WHAT YOU WILL DO = Without the pictures, copy all of the data exactly.

MATERIAL TO PROCESS below:

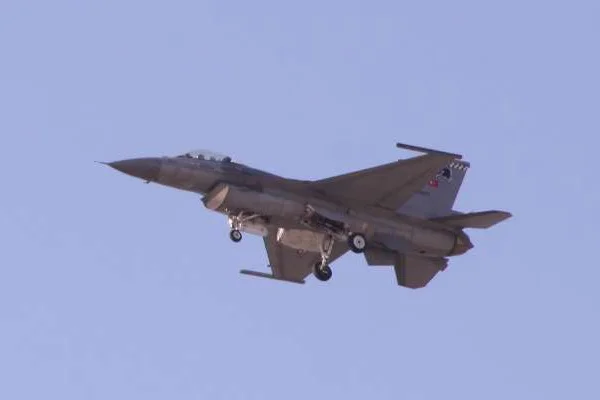 Yunan jetlerine jet cevap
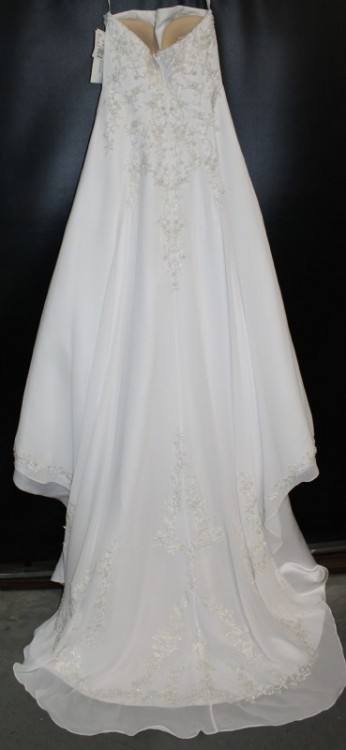 BHLDN 'Reagan' size 4 used wedding dress front view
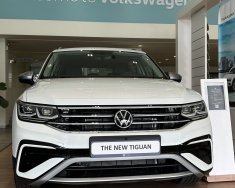 Volkswagen Tiguan 2022 - Bán Tiguan Volkswagen Facelift bản cao cấp model mới 2023 nội thất đen giá tốt giá 1 tỷ 999 tr tại Tp.HCM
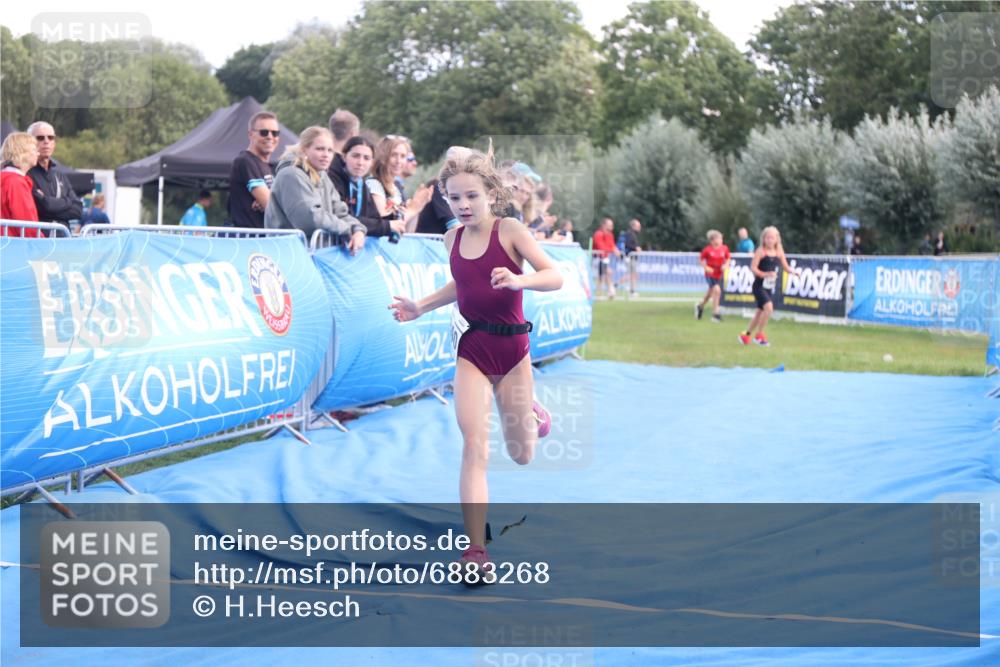 25.08.2024 - Elbe Triathlon Hamburg H.Heesch http://msf.ph/oto/6883268 25.08.2024 12:58:45 Ziel 1840 meine-sportfotos.de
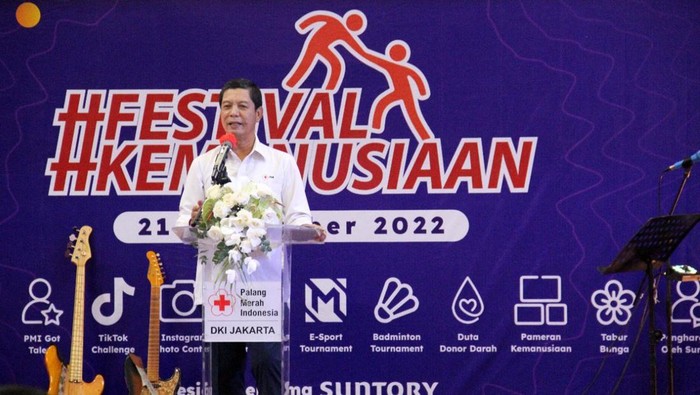 PMI DKI Jakarta Beri Penghargaan Pejuang Kemanusiaan Pegawai PMI DKI menunjukkan Piagam Penghargaan yang diterimanya di PMI DKI Jakarta, Rabu (21/9/2022). Kegiatan ini dilakukan saat Puncak perayaan HUT Palang Merah Indonesia (PMI) ke-77.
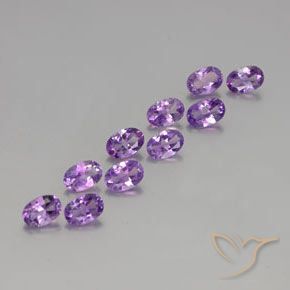 Gemme di Ametista Viola violaceo medio naturale da 3.91 ct, Ovale, VVS-VS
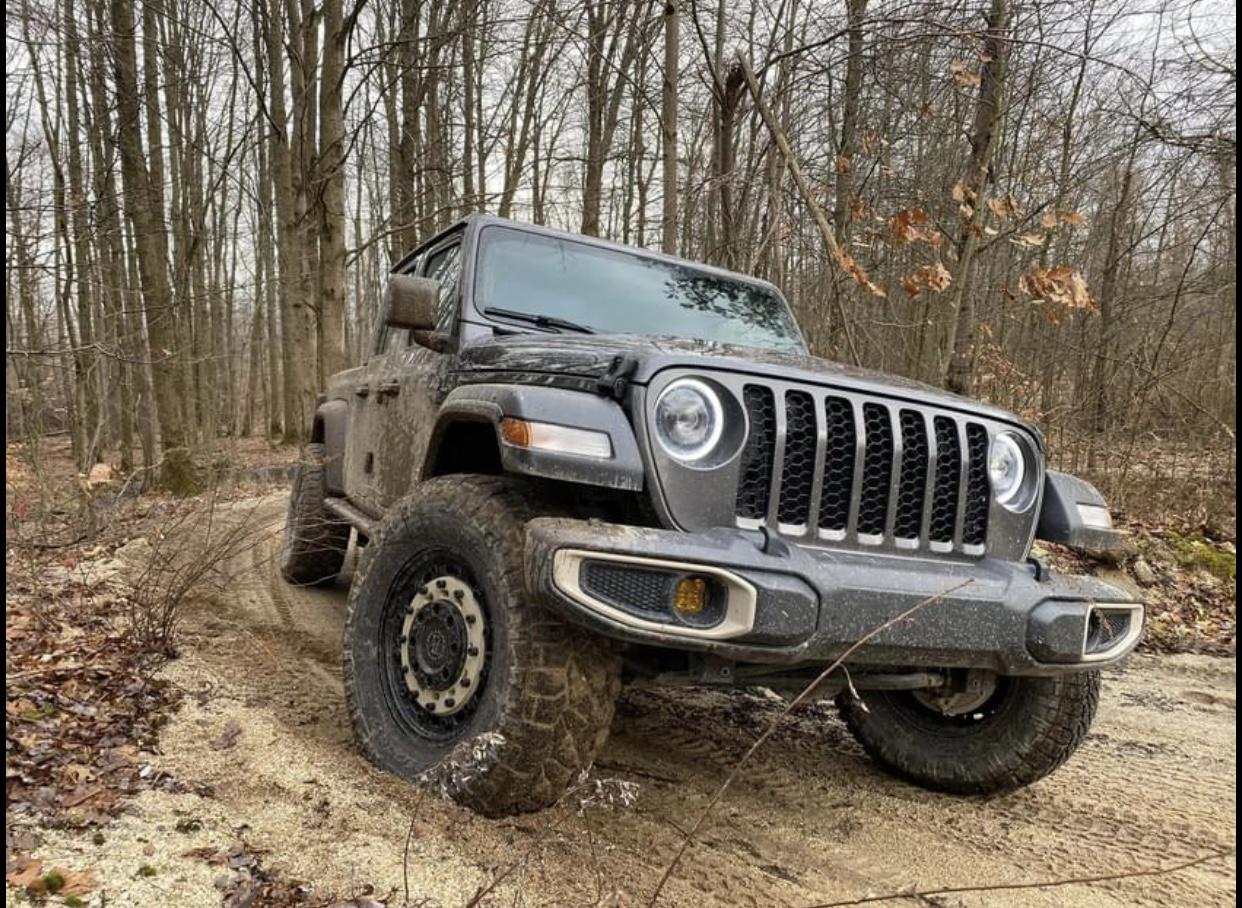 Jeep Gladiator (4) Black Rhino Arsenals w/ Ridge Grapplers 48D9BC9B-A8D2-4E7F-8617-2668DC4BEAF5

End of MATERIAL TO PROCESS.

YOUR RESPONSE =
 Yunan jetlerine jet cevap
 BHLDN 'Reagan' size 4 used wedding dress front view
 Volkswagen Tiguan 2022 - Bán Tiguan Volkswagen Facelift bản cao cấp model mới 2023 nội thất đen giá tốt giá 1 tỷ 999 tr tại Tp.HCM
 25.08.2024 - Elbe Triathlon Hamburg H.Heesch http://msf.ph/oto/6883268 25.08.2024 12:58:45 Ziel 1840 meine-sportfotos.de
 PMI DKI Jakarta Beri Penghargaan Pejuang Kemanusiaan Pegawai PMI DKI menunjukkan Piagam Penghargaan yang diterimanya di PMI DKI Jakarta, Rabu (21/9/2022). Kegiatan ini dilakukan saat Puncak perayaan HUT Palang Merah Indonesia (PMI) ke-77.
 Gemme di Ametista Viola violaceo medio naturale da 3.91 ct, Ovale, VVS-VS
 Jeep Gladiator (4) Black Rhino Arsenals w/ Ridge Grapplers 48D9BC9B-A8D2-4E7F-8617-2668DC4BEAF5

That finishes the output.